::: EXCERPTED RECORDS
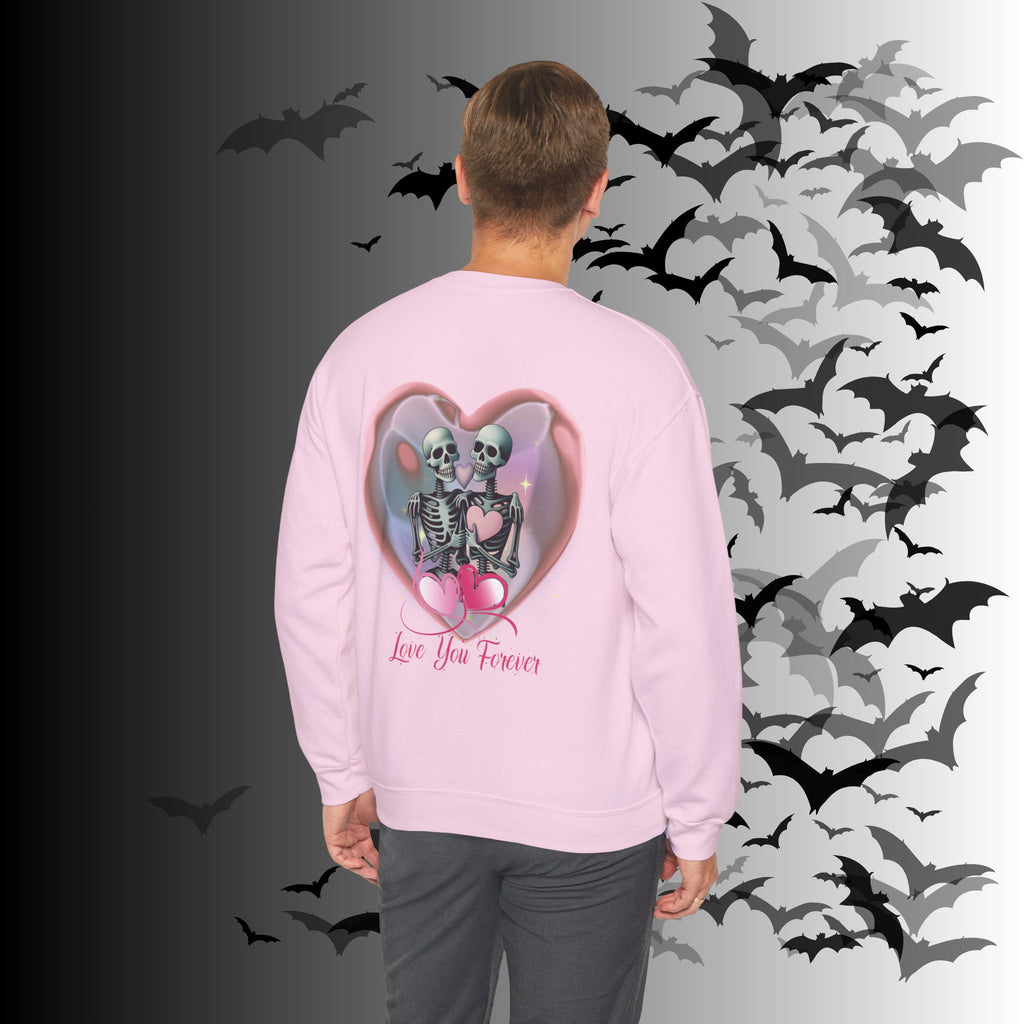 Love You Forever Skeleton Crewneck Sweatshirt — Gothic Valentine's Couples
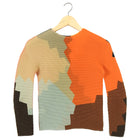 Issey Miyake ME Orange and Brown Colour Block Stretch Shirt Top - XS / S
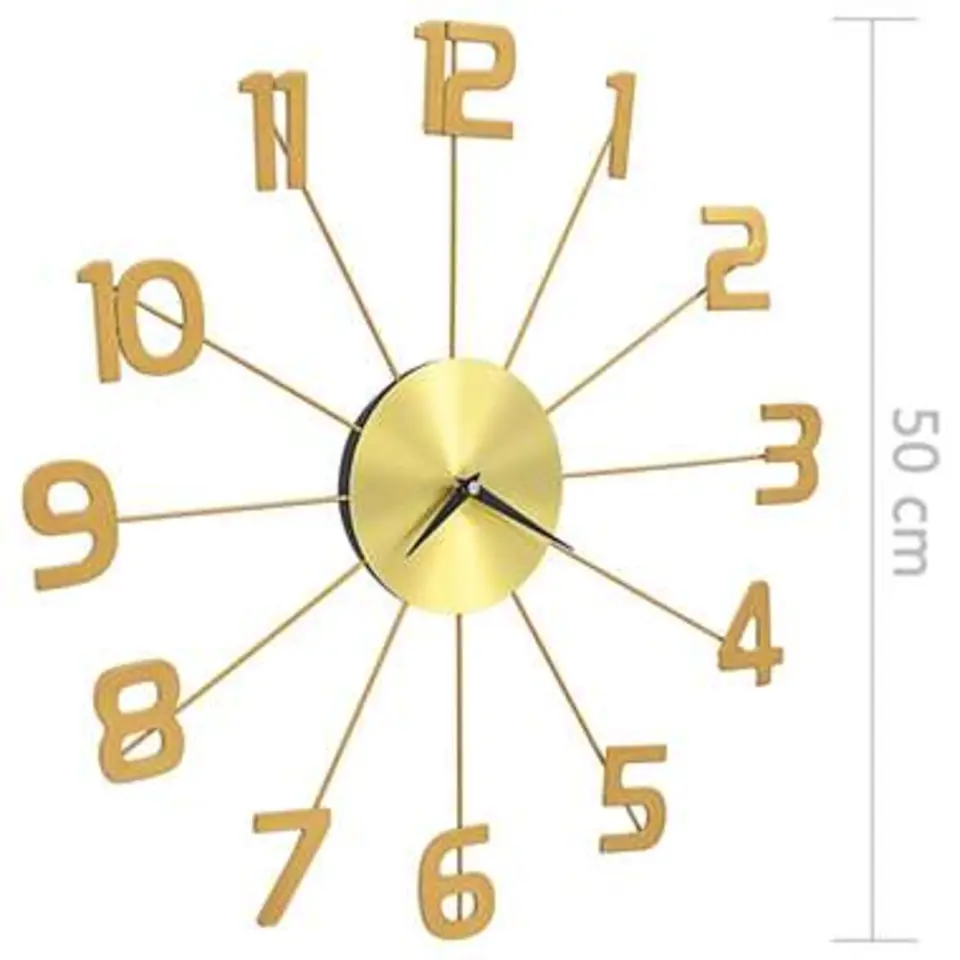 vidaXL - Wandklok - Goud - Metaal - 50 cm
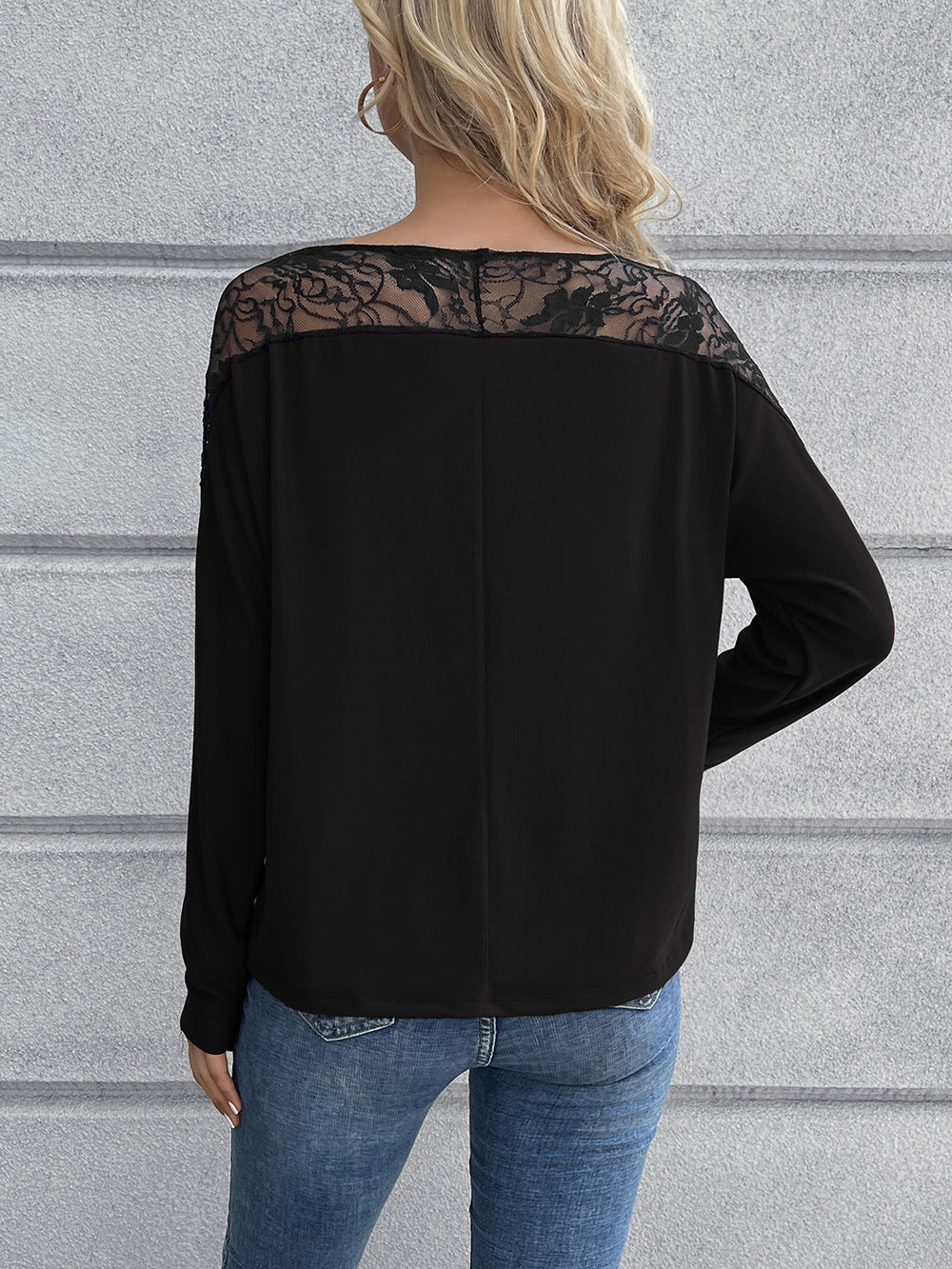 Lace Long Sleeve Round Neck Tee - FunkyPeacockStore (Store description)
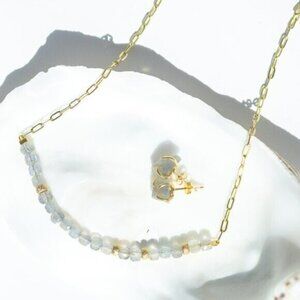 Labradorite Jewelry Set – Raw Stud Earrings & Dainty Gold Waterproof Necklace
::::::
→ **YOUR GOAL**
Please output every record above exactly. Leave the pictures out.

→ **RESPONSE TO THIS EXERCISE**
 Love You Forever Skeleton Crewneck Sweatshirt — Gothic Valentine's Couples
 Issey Miyake ME Orange and Brown Colour Block Stretch Shirt Top - XS / S
 vidaXL - Wandklok - Goud - Metaal - 50 cm
 Lace Long Sleeve Round Neck Tee - FunkyPeacockStore (Store description)
 Labradorite Jewelry Set – Raw Stud Earrings & Dainty Gold Waterproof Necklace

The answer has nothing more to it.